*Given data:*
+-------+
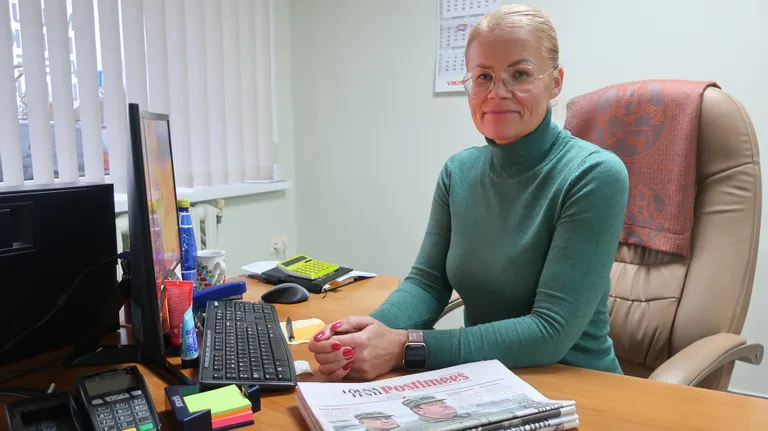 Lõuna-Eesti Postimehe tellimusi on iga kuu üsna palju, väitis Põlvas aadressil Oja 7 töötav Annika Suik. Aktiivselt kasutavad Põlvamaa inimesed sealsamas ka võimalust ajalehte kuulutusi panna: jõuavad need ju mitme maakonna inimesteni lausa kolm korda nädalas.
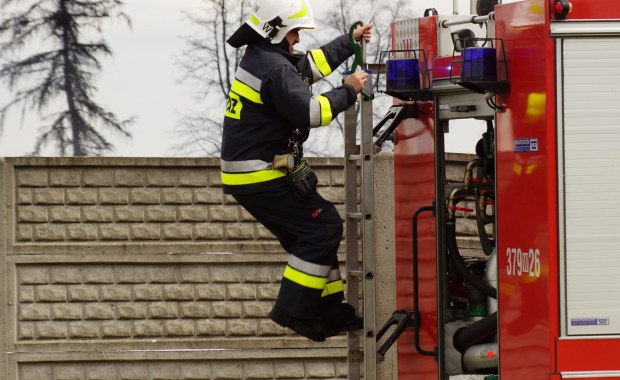 Tragiczny pożar pod Wejherowem. 11-miesięczne dziecko nie żyje, 2-latek jest w szpitalu 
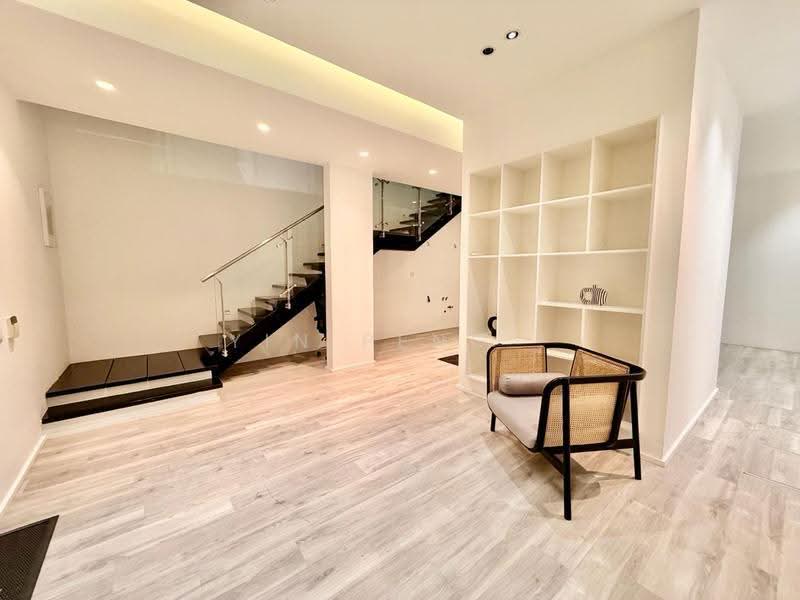 Townhouse for Rent in Bukit Kiara (Kuala Lumpur) - Yin Peng . - Living Room - PropertyGuru.com.my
+-------+
*How to complete this task:* Write out again, word for word, the lines from the one holding "Tragiczny pożar pod" through the final line of the listing, including both ends but no pictures.

*Solution to this task:*
 Tragiczny pożar pod Wejherowem. 11-miesięczne dziecko nie żyje, 2-latek jest w szpitalu 
 Townhouse for Rent in Bukit Kiara (Kuala Lumpur) - Yin Peng . - Living Room - PropertyGuru.com.my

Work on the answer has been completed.